Martha moaned quietly, a noise between sleeping and awake. Abby knew that she needed to get up and make the chanting stop before Martha heard it, but she just lay there, that first move not so much too hard as simply in a different universe.
Buddy began to growl.
As she came to her father’s hall, all alone and so lonely-oh, she saw two pretty babes playing at ball, down by the greenwood side-o.
“Abby?” Martha’s voice was quiet, but the fear came through. “Are you saying something?”
“The GPS is malfunctioning, is all. Don’t worry about it.”
Oh mother, oh mother, we once were thine, all alone and so lonely-oh. You didn’t dress us in scarlet fine, down by the greenwood side-o.
Abby absently wondered whether it was creepier without the music, or if it was just being jarred out of sleep that made her feel that way. The repetitive nonsense that glided by in a folk song now seemed intentional, demented.
Martha whimpered—too late now to stop her realizing what was going on. Buddy responded by increasing the volume of his growls a notch. Now that Abby’s eyes had adjusted she could see that his ears were swiveled forward and his teeth were bared. Too bad this wasn’t a problem that could be solved by biting.
Oh babes, oh babes, what
have I to do, all alone and so lonely-oh, for the cruel thing that I did to you? Down by the greenwood side-o.
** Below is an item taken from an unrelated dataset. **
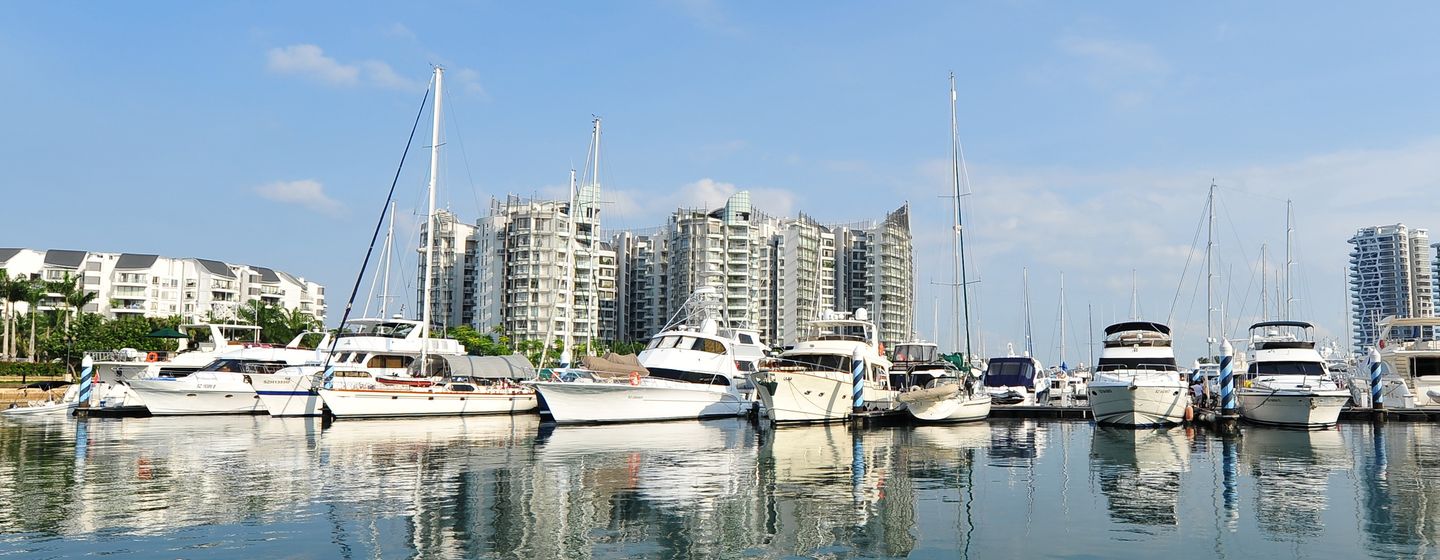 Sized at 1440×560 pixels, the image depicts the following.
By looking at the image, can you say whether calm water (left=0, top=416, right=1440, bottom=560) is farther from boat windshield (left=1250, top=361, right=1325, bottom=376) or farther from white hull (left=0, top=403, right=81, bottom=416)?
white hull (left=0, top=403, right=81, bottom=416)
“It’s still after us. It’s one of them after all, isn’t it?”
That was enough. “He can’t actually hurt us, not like Enoch and Briggs could,” she said. “Or he’d do that, instead of throwing birds at us and making our gadgets act up.”
“Are you sure?”
Abby wasn’t. But then she felt a tingle around the edge of her mind. Weak, pointless, easily swatted away, but he was trying to break in. Her words pissed him off, probably.
Good.
“Which of them do you think it is?” Martha asked in a low monotone.
“How am I supposed to answer that? They never had names.” But they were different, she knew that. One hungrier and stronger than the other. She remembered. And she’d bet this was the hungry one.
“You know how. Mine or yours.”
She tried to feel. Was it the hungry one? Or the other? She mustn’t underestimate the other just because she’d be the hungry one in their shoes.
She couldn’t tell. It was too tangled. It wasn’t like a person at all after all this time. It had barely been like a person at all to begin with.
They saw Duane every morning on the bus; he was so bad at being a senior that he had neither a car of his own nor a friend close enough to give him a ride to school, though his brother Charlie, who had graduated the year before, gave him rides home sometimes when his work schedule lined up right. It was the work of half a minute to tell him to lay off Martha; she barely even had to push, once he heard her tone of voice. He just looked at her with his over-sized stuffed animal eyes and nodded.